MaartenGr / KeyBERT

Minimal keyword extraction with BERT
https://MaartenGr.github.io/KeyBERT/
MIT License
3.47k stars 345 forks source link

contains Duplicated keywords #93

Open Sarathy-R opened 2 years ago

Sarathy-R commented 2 years ago

Hi Team,

Firstof all , Kudos to your work !!

The keyBERT model produces duplicate keywords such as "Optimize" and "Optiization". Could you please help me in resolving this issue?

MaartenGr commented 2 years ago

Thank you for your kind words. It is very likely that similar keywords will be in the output as KeyBERT simply searches for the best matching keywords. To prevent this from happening, I would use using MMR and increasing the diversity parameter. The higher the diversity, the less likely you will get duplicate keywords. Make sure though not to set it too high as that will result in lower quality keywords.
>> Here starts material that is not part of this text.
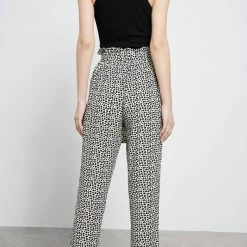 Γυναικείο Casual παντελόνι FUNKY BUDDHA λευκό Floral 7 Γυναικείο Casual παντελόνι FUNKY BUDDHA λευκό Floral -DealsΠαντελόνια Store 7007148.0 0001 4 funky buddha γυναικείο casual παντελόνι funky buddha λευκό floral x1000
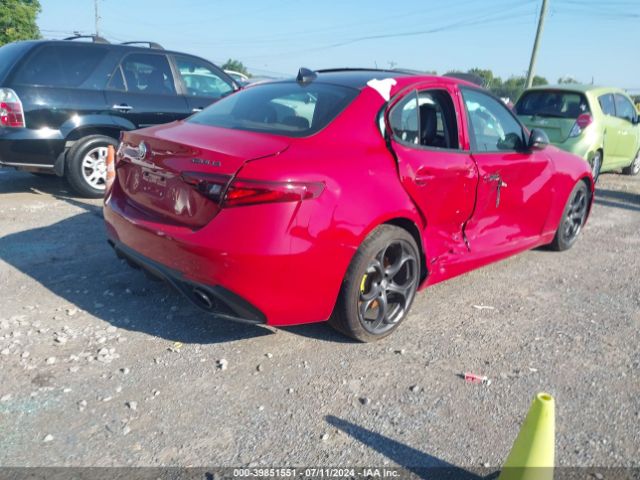 ZARFAMBN8K7601356 Alfa Romeo Giulia Ti Sport Rwd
Finding a good balance for your use case is key here.

krlng commented 2 years ago

I realized that the diversification gives completely different results for multiple documents, depending on if you pass them in together as a list or one-by-one in a loop:

keywords = [kw_model.extract_keywords(doc, top_n=6, use_mmr=True) for doc in docs] gives for example:

[[('nlp', 0.4305), ('supercomputer', 0.2911), ('dimensionality', 0.2567), ('transformer', 0.2811), ('tokenization', 0.3741), ('multilingual', 0.3407)], [('tools', 0.3889), ('pyforest', 0.3587), ('workflow', 0.3246), ('technical', 0.3832), ('errors', 0.2197), ('development', 0.3828)], [('notebooks', 0.5781), ('documentation', 0.3977), ('jupyter', 0.4037), ('json', 0.2959), ('executable', 0.1036), ('implementations', 0.3206)]]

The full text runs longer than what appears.